■ **TASK BRIEF**
Skip the pictures. Give all the data again exactly.

■ **DATASET EXCERPT**
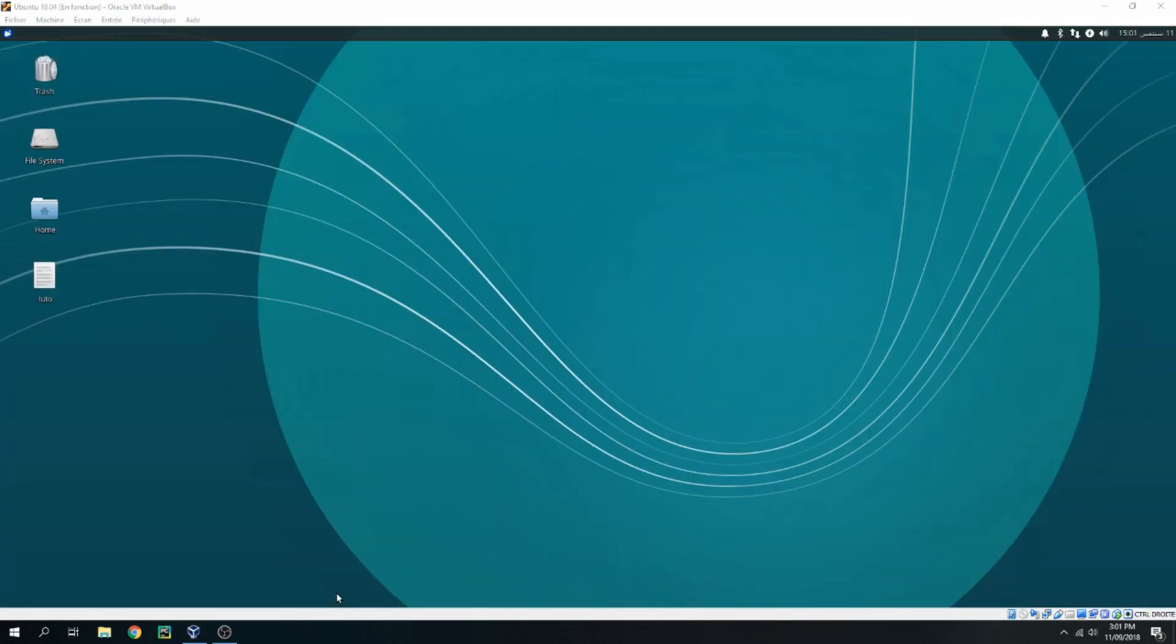And this is the Xevento desktop. So this is how to install Xevento desktop on Ubuntu 18.04. Thank you for watching and don't forget to subscribe to the channel. Goodbye.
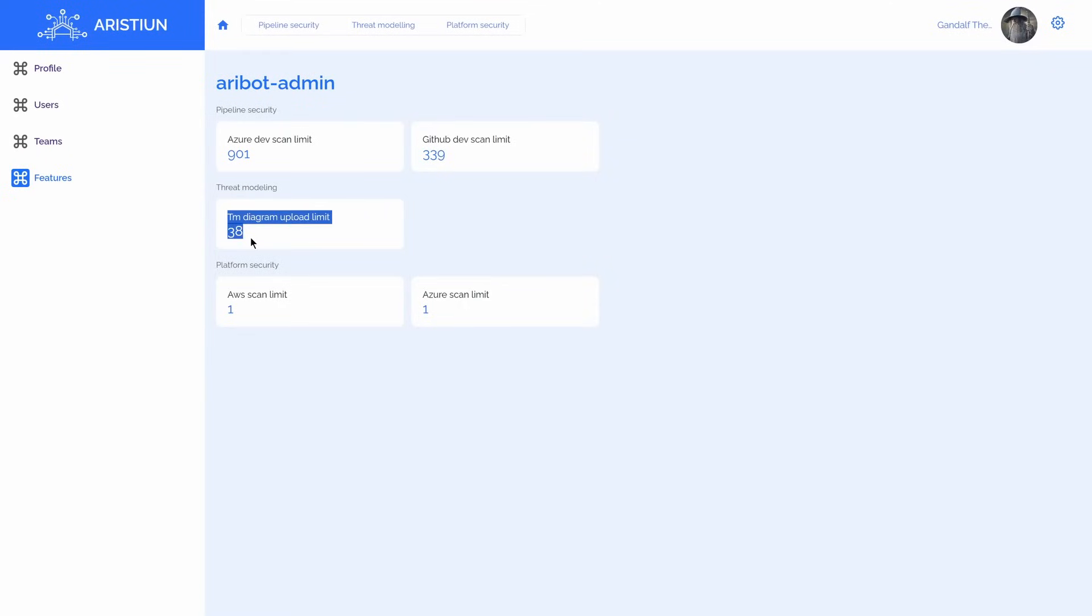In our case, the number of Threat Modeling Diagrams upload limit has been increased by 10. Please enjoy your Threat Modeling process via Aribot and keep your system safe.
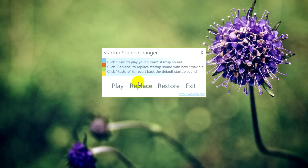If you're not happy with the startup sound that you selected and you want the default back, you can click on Restore and that will bring it back to the default Windows sound.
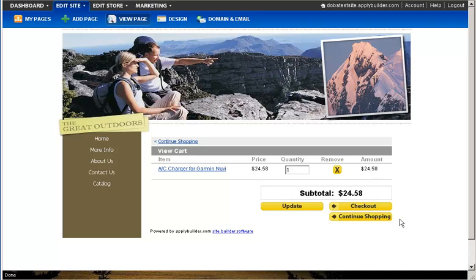You have now seen just how easy creating a website is when using Apply Builder in DOBA. Thank you for taking time to view this tutorial. If you have any further questions, please refer to the Support section provided with your Apply Builder account.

■ **WRITTEN ANSWER**
And this is the Xevento desktop. So this is how to install Xevento desktop on Ubuntu 18.04. Thank you for watching and don't forget to subscribe to the channel. Goodbye.
In our case, the number of Threat Modeling Diagrams upload limit has been increased by 10. Please enjoy your Threat Modeling process via Aribot and keep your system safe.
If you're not happy with the startup sound that you selected and you want the default back, you can click on Restore and that will bring it back to the default Windows sound.
You have now seen just how easy creating a website is when using Apply Builder in DOBA. Thank you for taking time to view this tutorial. If you have any further questions, please refer to the Support section provided with your Apply Builder account.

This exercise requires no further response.